WHAT IS NEEDED:
From the line that holds "Наращивание ресниц,брови,перманентный макияж" down to the last line of the listing below, transcribe exactly and only those lines. Leave pictures out.

RAW DATA:
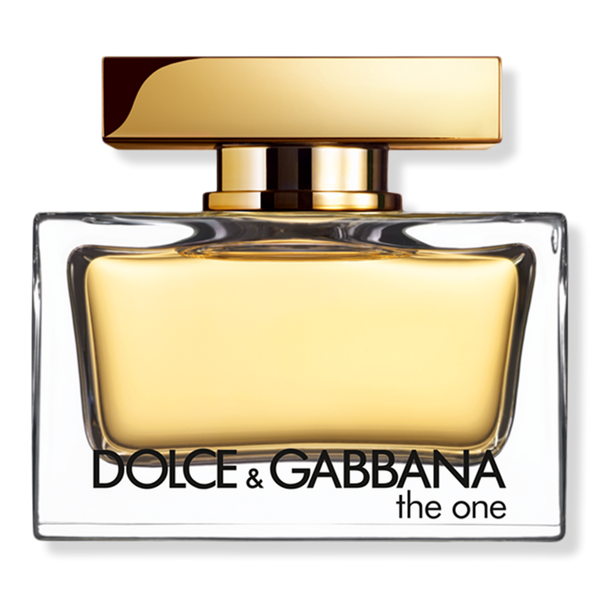 Dolce and Gabbana The One EDP Women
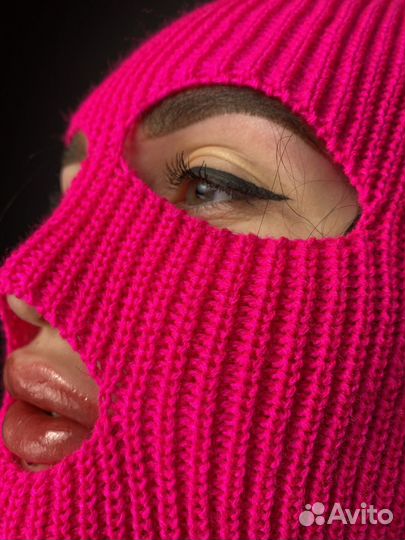 Наращивание ресниц,брови,перманентный макияж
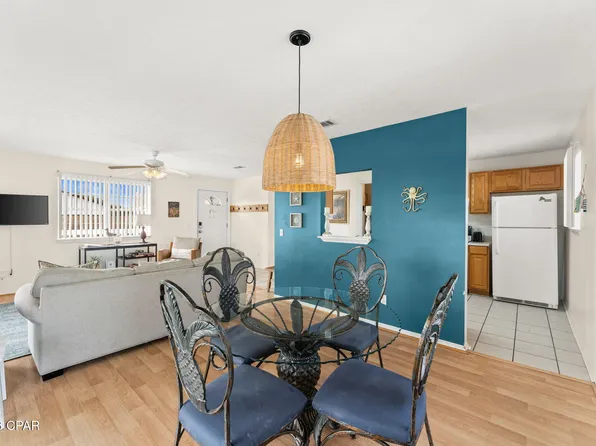 5621 Sunset Ave, Panama City Beach, FL 32408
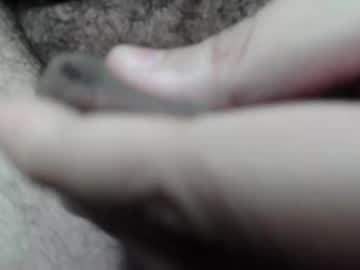 Einberl18 December 28, 2025 Chaturbate stream image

FINISHED EXERCISE:
 Наращивание ресниц,брови,перманентный макияж
 5621 Sunset Ave, Panama City Beach, FL 32408
 Einberl18 December 28, 2025 Chaturbate stream image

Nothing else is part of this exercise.